• _TASK ITEM_: For the word "Framed", state how many lines of the data include it. Respond with the number only.

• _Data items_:
=-=-=-=-=

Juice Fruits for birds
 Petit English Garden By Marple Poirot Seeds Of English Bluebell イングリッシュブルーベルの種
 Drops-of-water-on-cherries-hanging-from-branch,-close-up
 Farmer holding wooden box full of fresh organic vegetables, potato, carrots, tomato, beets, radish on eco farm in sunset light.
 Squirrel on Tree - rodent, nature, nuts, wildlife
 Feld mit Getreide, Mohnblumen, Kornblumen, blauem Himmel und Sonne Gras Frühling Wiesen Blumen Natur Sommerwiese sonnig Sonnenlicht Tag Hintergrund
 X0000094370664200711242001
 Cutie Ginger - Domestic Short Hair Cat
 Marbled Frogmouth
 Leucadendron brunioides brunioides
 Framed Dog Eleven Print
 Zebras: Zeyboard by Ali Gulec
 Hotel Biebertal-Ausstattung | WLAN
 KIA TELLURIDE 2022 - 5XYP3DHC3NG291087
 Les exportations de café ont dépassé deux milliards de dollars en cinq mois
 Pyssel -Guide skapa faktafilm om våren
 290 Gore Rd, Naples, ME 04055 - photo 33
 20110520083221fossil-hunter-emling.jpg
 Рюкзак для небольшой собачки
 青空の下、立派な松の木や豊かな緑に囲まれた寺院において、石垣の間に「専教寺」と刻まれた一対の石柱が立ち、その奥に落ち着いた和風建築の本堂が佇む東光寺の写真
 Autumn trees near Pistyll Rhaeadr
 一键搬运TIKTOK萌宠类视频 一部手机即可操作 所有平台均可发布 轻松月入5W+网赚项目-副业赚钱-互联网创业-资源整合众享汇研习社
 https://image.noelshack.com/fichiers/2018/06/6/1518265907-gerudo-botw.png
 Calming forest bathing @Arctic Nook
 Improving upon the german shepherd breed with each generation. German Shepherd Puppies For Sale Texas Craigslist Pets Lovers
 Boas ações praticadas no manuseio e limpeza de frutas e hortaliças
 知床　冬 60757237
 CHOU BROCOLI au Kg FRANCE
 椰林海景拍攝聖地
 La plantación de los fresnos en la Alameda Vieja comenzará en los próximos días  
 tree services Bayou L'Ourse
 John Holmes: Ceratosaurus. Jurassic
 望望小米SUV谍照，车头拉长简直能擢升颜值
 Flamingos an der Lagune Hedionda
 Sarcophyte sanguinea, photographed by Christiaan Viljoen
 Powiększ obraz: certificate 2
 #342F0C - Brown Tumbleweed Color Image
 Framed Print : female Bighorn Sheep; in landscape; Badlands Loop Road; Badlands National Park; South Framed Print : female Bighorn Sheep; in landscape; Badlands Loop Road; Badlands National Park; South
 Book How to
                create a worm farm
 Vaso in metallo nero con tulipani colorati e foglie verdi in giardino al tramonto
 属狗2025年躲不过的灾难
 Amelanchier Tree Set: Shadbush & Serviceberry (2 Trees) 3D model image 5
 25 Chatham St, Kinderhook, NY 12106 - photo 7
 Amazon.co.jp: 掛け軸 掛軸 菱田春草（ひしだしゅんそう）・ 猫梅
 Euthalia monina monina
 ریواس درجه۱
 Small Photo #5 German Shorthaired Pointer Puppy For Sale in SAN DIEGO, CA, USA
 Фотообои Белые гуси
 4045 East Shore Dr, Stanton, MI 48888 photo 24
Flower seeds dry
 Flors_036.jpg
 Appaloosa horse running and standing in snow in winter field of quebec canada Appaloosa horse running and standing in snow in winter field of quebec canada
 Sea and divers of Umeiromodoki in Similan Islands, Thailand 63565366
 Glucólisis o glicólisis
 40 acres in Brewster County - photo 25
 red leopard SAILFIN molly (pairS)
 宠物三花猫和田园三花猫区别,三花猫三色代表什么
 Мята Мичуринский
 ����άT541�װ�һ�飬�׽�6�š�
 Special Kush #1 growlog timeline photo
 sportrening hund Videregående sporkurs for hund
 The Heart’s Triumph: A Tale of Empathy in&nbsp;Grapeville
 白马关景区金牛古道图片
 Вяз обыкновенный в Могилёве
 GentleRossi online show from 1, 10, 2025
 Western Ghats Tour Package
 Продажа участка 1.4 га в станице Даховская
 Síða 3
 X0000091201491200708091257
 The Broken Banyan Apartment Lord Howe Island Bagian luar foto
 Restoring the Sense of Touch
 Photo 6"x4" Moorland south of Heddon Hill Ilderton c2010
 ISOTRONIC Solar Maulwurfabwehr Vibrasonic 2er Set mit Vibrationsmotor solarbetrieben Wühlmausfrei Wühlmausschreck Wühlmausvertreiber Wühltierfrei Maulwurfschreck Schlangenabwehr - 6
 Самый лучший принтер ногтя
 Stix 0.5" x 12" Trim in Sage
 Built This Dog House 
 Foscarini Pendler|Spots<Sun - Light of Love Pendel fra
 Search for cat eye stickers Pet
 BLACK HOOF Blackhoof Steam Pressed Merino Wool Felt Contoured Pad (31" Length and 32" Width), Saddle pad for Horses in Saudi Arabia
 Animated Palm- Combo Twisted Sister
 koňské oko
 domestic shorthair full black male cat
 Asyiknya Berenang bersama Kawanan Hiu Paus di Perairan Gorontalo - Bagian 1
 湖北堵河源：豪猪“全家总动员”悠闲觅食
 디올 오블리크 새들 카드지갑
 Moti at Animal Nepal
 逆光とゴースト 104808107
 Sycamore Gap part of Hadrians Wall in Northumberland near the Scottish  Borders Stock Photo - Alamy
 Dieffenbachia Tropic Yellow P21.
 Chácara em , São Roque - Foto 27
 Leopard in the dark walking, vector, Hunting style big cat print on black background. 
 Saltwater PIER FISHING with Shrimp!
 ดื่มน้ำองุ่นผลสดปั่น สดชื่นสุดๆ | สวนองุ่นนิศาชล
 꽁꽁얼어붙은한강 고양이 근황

=-=-=-=-=

• _ANSWER BOX_: 2